The study found a growing heap of evidence that schools and districts have tinkered with how and when students take exit exams as well as other high-stakes tests in order to boost scores on paper for students who do not know the material—or to prevent those students from taking the tests at all.
AYP and Academics
For similar reasons, school-based accountability mechanisms under the NCLB law have generated minimal improvement in academic learning, the study concludes. When the systems are evaluated—not using the high-stakes tests subject to inflation, but using instead outside tests, such as NAEP—student-achievement gains dwindle to about .08 of a standard deviation on average, mostly clustered in elementary-grade mathematics.
For perspective, an intervention considered to have a small effect size is usually about 0.1 of a standard deviation; a 2010 federal study of reading-comprehension programs found a moderately successful program had an effect size of .22 of a standard deviation.
Moreover, “as disappointing as a .08 standard deviation might be, that’s bigger than any effect we saw for incentives on individual students,” Mr. Hout said, noting that NCLB accountability measures school performance, not that of individual students.
Mr. Baron of the Coalition for Evidence-Based Policy said he was impressed by the quality of the panel’s research review, but unsurprised at the minimal results for various incentive programs.
Incorporating diverse types of studies—as the panel did—typically reduces the overall effects found for them, he noted.
“One of the contributions that this makes,” he said of the study, “is that it shows that looking across all these different studies with different methodologies and populations, some in different countries, there are very minimal effects in many cases, and in a few cases larger effects.

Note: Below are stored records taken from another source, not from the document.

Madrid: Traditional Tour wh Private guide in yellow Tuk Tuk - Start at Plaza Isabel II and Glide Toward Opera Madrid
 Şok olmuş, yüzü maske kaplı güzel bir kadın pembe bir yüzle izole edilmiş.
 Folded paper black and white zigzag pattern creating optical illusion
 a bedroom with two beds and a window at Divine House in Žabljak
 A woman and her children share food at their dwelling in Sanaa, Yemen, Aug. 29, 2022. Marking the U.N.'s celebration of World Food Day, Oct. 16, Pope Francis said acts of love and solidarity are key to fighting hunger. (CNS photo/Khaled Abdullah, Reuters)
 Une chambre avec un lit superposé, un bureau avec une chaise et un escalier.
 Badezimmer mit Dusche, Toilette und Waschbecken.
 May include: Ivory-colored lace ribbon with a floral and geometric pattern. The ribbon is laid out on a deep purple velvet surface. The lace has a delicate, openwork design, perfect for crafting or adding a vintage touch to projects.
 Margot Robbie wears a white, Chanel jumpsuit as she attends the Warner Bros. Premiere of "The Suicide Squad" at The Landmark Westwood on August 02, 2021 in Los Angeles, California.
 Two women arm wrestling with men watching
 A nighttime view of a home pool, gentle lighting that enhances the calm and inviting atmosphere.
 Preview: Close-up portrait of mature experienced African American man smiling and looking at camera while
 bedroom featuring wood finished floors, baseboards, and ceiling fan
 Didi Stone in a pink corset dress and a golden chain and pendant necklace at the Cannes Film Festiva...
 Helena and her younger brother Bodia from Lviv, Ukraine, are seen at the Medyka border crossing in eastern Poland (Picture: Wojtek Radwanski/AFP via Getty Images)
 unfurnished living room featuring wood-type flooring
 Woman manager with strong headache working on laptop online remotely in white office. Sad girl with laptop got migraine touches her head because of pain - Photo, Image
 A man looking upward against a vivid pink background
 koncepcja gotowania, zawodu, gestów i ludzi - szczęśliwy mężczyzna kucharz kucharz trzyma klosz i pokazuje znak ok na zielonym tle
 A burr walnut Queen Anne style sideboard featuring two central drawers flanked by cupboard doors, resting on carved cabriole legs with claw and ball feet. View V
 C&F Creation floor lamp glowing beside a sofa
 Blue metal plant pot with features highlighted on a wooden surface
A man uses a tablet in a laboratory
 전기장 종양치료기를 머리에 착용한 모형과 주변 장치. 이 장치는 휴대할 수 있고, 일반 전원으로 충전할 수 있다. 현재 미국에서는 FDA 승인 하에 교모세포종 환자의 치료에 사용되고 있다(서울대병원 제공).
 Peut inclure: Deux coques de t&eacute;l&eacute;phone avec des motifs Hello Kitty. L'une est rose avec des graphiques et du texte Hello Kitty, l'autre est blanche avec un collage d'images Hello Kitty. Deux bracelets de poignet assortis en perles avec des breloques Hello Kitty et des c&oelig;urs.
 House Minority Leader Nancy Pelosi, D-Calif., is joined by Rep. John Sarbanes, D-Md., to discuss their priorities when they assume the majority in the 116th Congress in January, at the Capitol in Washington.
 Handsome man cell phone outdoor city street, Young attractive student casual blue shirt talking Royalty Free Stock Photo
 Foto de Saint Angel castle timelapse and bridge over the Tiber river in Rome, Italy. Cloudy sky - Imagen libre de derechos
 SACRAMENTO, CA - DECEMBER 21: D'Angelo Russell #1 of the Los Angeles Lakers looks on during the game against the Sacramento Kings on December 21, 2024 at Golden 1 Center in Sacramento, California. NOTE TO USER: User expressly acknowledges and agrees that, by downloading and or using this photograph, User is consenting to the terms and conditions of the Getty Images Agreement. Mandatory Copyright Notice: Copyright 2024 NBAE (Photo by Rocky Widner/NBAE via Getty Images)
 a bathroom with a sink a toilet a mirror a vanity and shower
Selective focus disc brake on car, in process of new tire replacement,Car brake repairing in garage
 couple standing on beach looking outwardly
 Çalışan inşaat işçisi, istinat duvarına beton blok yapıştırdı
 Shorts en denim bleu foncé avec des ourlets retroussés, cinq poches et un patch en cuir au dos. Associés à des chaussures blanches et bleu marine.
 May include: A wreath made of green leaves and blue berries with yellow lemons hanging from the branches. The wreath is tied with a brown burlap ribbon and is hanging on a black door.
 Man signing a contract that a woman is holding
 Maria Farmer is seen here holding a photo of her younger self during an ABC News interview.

It makes the argument that details matter.”
Committee members see hopeful signs in the 2008 federal requirement that state NAEP scores be used as an outside check on achievement results reported by districts and states, as well as the broader political push to incorporate more diverse measures of student achievement in the version of the ESEA that will revise the No Child Left Behind edition.
“It’s a message to all of us to slow down and think this through,’ Jack Jennings, the president of the Center on Education Policy, in Washington, said of the findings. “We put all this weight on these tests that just weren’t designed for these things.”
He said the study is likely to focus lawmakers’ attention on the nearly $400 million Race to the Top assessment grants, in which state consortia are developing testing systems to go along with the new common-core state standards. “There’s a lot riding on how these consortia do,” Mr. Jennings said.